Negli ultimi anni i governi non sono mai stati particolarmente puntuali nel fornire le risposte richieste. Soprattutto quando parliamo di atti che non prevedono una risposta immediata. Da questo punto di vista possiamo osservare che l’attuale esecutivo presenta la percentuale di risposta più alta considerando le ultime 3 legislature.
Tale dato peraltro risulta in aumento di oltre 3 punti percentuali rispetto al nostro ultimo aggiornamento sul tema. Un incremento rilevante, anche se va segnalato che questa percentuale di risposta resta comunque inferiore alla metà del totale.

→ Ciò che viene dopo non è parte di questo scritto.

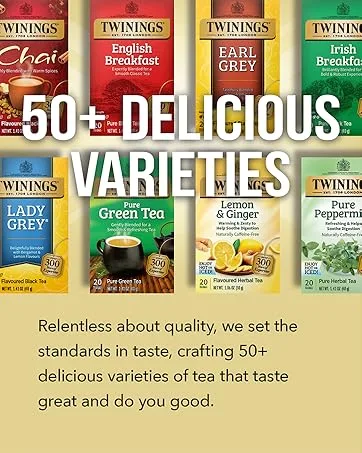 Twinings Lemon & Ginger Herbal Tea Individually Wrapped Bags - Naturally Caffeine-Free - 100 Teabags - Twinings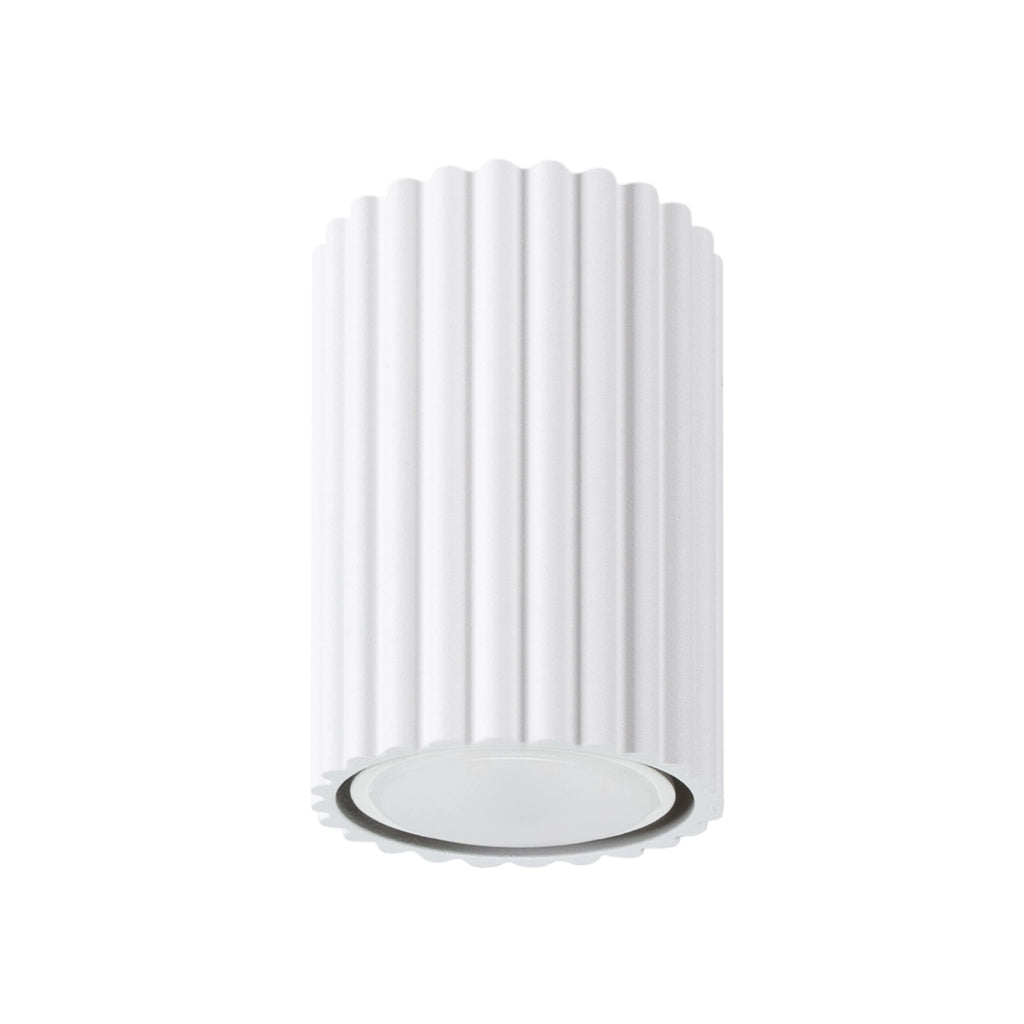 Spot soffitto moderno bianco tondo rigato 10cm GU10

Inoltre il numero di atti ispettivi presentati in questa legislatura è ancora limitato, un dato fisiologico considerando che ci troviamo ancora nella sua prima parte. Sarà interessante capire quindi se il governo Meloni manterrà questo livello di risposta nel corso del tempo.
Il governo Meloni a confronto con gli esecutivi precedenti
L’attuale esecutivo risulta quindi al primo posto, nel confronto con quelli delle ultime 3 legislature, se si considera la percentuale di risposta agli atti di sindacato ispettivo presentati dal parlamento (37%). Seguono i governi Renzi (33,2%) e Conte I (33%).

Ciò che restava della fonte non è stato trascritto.